Problem statement: All of the data needs to be repeated exactly.

Data listing:
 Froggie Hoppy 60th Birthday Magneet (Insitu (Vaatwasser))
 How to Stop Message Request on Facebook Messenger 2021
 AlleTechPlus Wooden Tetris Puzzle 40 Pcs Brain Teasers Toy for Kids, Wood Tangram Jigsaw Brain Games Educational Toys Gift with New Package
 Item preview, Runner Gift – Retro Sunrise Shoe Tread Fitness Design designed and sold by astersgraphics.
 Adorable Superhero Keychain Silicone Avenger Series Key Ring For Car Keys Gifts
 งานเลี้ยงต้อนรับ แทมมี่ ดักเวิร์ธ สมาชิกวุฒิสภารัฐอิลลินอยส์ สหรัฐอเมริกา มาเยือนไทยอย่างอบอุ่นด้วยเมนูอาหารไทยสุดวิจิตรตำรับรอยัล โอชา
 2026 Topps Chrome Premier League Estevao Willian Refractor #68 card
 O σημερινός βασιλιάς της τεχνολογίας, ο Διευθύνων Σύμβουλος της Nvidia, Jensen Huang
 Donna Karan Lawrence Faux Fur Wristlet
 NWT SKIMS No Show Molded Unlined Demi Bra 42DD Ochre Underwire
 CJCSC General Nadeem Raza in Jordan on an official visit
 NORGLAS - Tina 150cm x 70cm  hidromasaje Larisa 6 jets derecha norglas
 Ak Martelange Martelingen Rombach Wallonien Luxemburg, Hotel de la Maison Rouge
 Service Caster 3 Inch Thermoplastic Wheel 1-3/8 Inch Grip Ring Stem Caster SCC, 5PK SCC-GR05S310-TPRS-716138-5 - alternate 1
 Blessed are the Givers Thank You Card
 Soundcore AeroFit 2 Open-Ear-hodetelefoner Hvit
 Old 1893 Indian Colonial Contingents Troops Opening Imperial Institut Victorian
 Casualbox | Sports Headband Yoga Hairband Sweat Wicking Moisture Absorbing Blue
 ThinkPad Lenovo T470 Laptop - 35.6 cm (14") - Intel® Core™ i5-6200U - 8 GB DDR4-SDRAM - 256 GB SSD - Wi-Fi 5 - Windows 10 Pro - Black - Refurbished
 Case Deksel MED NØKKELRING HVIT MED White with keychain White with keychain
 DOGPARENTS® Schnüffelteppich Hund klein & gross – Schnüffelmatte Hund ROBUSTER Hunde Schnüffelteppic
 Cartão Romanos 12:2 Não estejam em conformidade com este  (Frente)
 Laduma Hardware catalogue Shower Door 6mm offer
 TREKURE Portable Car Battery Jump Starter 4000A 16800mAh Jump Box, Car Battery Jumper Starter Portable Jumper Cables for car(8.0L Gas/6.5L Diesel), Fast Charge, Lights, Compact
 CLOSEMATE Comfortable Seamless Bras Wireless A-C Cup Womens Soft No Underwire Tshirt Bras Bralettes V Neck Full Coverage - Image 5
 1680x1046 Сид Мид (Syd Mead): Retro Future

Result of the task:
 Froggie Hoppy 60th Birthday Magneet (Insitu (Vaatwasser))
 How to Stop Message Request on Facebook Messenger 2021
 AlleTechPlus Wooden Tetris Puzzle 40 Pcs Brain Teasers Toy for Kids, Wood Tangram Jigsaw Brain Games Educational Toys Gift with New Package
 Item preview, Runner Gift – Retro Sunrise Shoe Tread Fitness Design designed and sold by astersgraphics.
 Adorable Superhero Keychain Silicone Avenger Series Key Ring For Car Keys Gifts
 งานเลี้ยงต้อนรับ แทมมี่ ดักเวิร์ธ สมาชิกวุฒิสภารัฐอิลลินอยส์ สหรัฐอเมริกา มาเยือนไทยอย่างอบอุ่นด้วยเมนูอาหารไทยสุดวิจิตรตำรับรอยัล โอชา
 2026 Topps Chrome Premier League Estevao Willian Refractor #68 card
 O σημερινός βασιλιάς της τεχνολογίας, ο Διευθύνων Σύμβουλος της Nvidia, Jensen Huang
 Donna Karan Lawrence Faux Fur Wristlet
 NWT SKIMS No Show Molded Unlined Demi Bra 42DD Ochre Underwire
 CJCSC General Nadeem Raza in Jordan on an official visit
 NORGLAS - Tina 150cm x 70cm  hidromasaje Larisa 6 jets derecha norglas
 Ak Martelange Martelingen Rombach Wallonien Luxemburg, Hotel de la Maison Rouge
 Service Caster 3 Inch Thermoplastic Wheel 1-3/8 Inch Grip Ring Stem Caster SCC, 5PK SCC-GR05S310-TPRS-716138-5 - alternate 1
 Blessed are the Givers Thank You Card
 Soundcore AeroFit 2 Open-Ear-hodetelefoner Hvit
 Old 1893 Indian Colonial Contingents Troops Opening Imperial Institut Victorian
 Casualbox | Sports Headband Yoga Hairband Sweat Wicking Moisture Absorbing Blue
 ThinkPad Lenovo T470 Laptop - 35.6 cm (14") - Intel® Core™ i5-6200U - 8 GB DDR4-SDRAM - 256 GB SSD - Wi-Fi 5 - Windows 10 Pro - Black - Refurbished
 Case Deksel MED NØKKELRING HVIT MED White with keychain White with keychain
 DOGPARENTS® Schnüffelteppich Hund klein & gross – Schnüffelmatte Hund ROBUSTER Hunde Schnüffelteppic
 Cartão Romanos 12:2 Não estejam em conformidade com este  (Frente)
 Laduma Hardware catalogue Shower Door 6mm offer
 TREKURE Portable Car Battery Jump Starter 4000A 16800mAh Jump Box, Car Battery Jumper Starter Portable Jumper Cables for car(8.0L Gas/6.5L Diesel), Fast Charge, Lights, Compact
 CLOSEMATE Comfortable Seamless Bras Wireless A-C Cup Womens Soft No Underwire Tshirt Bras Bralettes V Neck Full Coverage - Image 5
 1680x1046 Сид Мид (Syd Mead): Retro Future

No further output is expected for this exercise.